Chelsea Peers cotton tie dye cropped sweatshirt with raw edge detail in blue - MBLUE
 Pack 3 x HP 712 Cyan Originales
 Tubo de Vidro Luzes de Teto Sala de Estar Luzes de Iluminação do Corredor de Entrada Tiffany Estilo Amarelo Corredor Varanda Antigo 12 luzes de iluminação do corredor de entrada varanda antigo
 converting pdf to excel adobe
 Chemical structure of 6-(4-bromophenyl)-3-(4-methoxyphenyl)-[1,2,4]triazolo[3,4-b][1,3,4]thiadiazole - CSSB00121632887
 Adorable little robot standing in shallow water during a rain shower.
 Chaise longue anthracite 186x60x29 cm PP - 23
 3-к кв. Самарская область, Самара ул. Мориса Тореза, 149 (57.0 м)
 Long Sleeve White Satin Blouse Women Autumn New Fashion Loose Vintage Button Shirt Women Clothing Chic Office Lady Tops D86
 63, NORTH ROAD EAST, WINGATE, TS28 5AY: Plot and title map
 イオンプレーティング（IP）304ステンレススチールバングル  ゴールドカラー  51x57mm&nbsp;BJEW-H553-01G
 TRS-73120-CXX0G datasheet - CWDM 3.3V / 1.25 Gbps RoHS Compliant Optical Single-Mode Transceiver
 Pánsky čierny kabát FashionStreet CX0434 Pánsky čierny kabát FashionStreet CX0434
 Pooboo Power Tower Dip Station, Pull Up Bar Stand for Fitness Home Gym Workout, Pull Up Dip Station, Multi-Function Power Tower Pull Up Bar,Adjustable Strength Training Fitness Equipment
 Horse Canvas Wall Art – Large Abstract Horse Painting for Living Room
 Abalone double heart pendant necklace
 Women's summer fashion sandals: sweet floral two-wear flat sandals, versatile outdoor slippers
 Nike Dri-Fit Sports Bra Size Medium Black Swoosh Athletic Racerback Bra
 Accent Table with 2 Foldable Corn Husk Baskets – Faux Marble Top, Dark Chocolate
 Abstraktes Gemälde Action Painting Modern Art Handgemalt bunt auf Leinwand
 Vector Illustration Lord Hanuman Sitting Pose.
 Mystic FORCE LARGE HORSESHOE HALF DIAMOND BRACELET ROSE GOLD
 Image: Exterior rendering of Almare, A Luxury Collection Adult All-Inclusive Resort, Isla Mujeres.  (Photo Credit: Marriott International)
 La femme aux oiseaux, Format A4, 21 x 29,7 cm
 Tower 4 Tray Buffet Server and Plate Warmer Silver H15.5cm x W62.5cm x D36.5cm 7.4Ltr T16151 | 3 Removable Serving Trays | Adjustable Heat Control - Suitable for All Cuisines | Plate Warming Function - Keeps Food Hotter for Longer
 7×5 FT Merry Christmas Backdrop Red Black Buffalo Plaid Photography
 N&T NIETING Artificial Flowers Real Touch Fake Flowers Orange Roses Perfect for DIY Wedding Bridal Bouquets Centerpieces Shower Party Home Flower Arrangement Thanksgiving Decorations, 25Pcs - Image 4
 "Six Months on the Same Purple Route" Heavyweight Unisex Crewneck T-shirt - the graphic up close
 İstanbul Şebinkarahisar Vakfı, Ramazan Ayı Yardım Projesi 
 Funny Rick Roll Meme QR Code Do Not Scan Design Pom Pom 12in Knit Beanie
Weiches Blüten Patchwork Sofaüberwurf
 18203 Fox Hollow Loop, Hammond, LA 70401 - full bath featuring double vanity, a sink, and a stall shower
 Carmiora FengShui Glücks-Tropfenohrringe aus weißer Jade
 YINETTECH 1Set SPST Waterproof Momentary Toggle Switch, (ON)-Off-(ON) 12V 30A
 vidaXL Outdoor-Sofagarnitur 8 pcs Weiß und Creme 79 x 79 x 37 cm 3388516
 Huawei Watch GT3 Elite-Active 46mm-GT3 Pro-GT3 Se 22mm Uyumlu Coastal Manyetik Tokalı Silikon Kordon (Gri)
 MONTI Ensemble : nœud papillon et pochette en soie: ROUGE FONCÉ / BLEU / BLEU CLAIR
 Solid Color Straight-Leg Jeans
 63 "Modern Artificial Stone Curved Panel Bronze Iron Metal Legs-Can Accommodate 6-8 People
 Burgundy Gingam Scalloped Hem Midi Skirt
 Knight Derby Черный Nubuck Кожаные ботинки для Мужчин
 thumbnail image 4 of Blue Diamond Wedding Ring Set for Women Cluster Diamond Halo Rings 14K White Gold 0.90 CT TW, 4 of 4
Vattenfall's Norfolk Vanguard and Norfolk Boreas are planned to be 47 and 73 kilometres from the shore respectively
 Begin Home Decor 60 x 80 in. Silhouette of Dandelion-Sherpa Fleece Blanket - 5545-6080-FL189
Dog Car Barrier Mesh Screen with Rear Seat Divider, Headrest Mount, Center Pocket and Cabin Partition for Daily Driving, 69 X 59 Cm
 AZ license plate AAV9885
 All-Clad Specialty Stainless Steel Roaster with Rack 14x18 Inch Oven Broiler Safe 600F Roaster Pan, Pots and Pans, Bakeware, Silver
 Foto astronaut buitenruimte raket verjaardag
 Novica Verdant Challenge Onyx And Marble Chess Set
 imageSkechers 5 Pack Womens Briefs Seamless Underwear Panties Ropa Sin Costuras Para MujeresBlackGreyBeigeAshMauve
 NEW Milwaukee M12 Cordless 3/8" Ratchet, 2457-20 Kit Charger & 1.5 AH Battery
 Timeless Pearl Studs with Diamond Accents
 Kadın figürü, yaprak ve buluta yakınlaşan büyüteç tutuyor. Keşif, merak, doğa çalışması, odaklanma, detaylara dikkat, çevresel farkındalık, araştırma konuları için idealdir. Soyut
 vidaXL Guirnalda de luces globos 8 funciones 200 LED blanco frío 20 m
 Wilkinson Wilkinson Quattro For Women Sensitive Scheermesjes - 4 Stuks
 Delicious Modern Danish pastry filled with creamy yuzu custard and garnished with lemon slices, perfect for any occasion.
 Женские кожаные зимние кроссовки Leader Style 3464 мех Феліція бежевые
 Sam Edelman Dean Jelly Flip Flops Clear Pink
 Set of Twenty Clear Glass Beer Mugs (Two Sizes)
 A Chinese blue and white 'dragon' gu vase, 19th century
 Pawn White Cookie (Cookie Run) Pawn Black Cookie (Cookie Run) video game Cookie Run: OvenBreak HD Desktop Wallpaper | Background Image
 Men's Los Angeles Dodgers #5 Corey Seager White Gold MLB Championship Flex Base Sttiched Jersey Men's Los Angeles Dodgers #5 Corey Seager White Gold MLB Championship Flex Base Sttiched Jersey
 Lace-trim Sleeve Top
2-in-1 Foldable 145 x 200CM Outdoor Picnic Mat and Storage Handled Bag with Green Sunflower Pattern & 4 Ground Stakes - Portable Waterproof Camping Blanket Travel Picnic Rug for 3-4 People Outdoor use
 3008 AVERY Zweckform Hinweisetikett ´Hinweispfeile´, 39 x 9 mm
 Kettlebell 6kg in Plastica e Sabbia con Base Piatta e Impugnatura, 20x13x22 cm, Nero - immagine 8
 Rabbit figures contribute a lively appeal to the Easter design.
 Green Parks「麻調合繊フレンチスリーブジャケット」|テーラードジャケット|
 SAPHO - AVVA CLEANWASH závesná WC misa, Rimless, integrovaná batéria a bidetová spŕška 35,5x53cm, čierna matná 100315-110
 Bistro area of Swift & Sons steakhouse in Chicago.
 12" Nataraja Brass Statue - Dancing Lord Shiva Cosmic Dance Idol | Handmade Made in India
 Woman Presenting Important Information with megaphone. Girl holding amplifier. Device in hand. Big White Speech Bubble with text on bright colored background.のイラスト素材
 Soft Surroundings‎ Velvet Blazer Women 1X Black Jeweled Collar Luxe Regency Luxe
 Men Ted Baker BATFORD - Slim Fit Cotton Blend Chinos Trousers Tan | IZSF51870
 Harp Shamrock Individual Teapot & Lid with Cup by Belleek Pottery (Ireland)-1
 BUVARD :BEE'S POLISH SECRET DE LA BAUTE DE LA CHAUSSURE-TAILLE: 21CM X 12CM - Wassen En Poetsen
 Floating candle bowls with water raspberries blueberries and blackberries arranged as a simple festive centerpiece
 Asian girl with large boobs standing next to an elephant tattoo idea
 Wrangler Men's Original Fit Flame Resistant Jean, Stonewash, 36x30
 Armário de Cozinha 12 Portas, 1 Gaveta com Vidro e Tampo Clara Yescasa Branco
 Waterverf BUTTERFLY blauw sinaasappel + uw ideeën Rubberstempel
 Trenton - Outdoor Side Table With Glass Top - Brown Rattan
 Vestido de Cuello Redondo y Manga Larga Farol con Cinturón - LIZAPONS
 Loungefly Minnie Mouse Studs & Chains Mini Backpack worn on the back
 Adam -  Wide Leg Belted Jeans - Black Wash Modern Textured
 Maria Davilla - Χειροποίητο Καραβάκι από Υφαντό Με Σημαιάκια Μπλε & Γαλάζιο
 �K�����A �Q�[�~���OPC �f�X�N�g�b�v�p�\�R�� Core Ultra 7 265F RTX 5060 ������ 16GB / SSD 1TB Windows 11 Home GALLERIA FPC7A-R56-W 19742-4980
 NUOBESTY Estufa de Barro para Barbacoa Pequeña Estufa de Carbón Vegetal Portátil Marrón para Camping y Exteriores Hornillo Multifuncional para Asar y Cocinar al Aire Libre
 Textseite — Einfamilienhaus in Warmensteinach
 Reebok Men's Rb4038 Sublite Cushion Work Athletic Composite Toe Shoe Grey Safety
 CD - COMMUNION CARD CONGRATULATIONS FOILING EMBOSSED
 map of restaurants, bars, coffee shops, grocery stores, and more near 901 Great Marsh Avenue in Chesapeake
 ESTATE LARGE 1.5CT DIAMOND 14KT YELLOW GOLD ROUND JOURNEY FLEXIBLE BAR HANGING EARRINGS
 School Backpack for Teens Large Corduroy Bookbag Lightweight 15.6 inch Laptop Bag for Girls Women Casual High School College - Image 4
-=-=-=-=-
TASK TO CARRY OUT | Copy out, from the listing above, every line that contains the string "Modern".

SOLUTION FOR THIS TASK |
 Abstraktes Gemälde Action Painting Modern Art Handgemalt bunt auf Leinwand
 63 "Modern Artificial Stone Curved Panel Bronze Iron Metal Legs-Can Accommodate 6-8 People
 Delicious Modern Danish pastry filled with creamy yuzu custard and garnished with lemon slices, perfect for any occasion.
 Adam -  Wide Leg Belted Jeans - Black Wash Modern Textured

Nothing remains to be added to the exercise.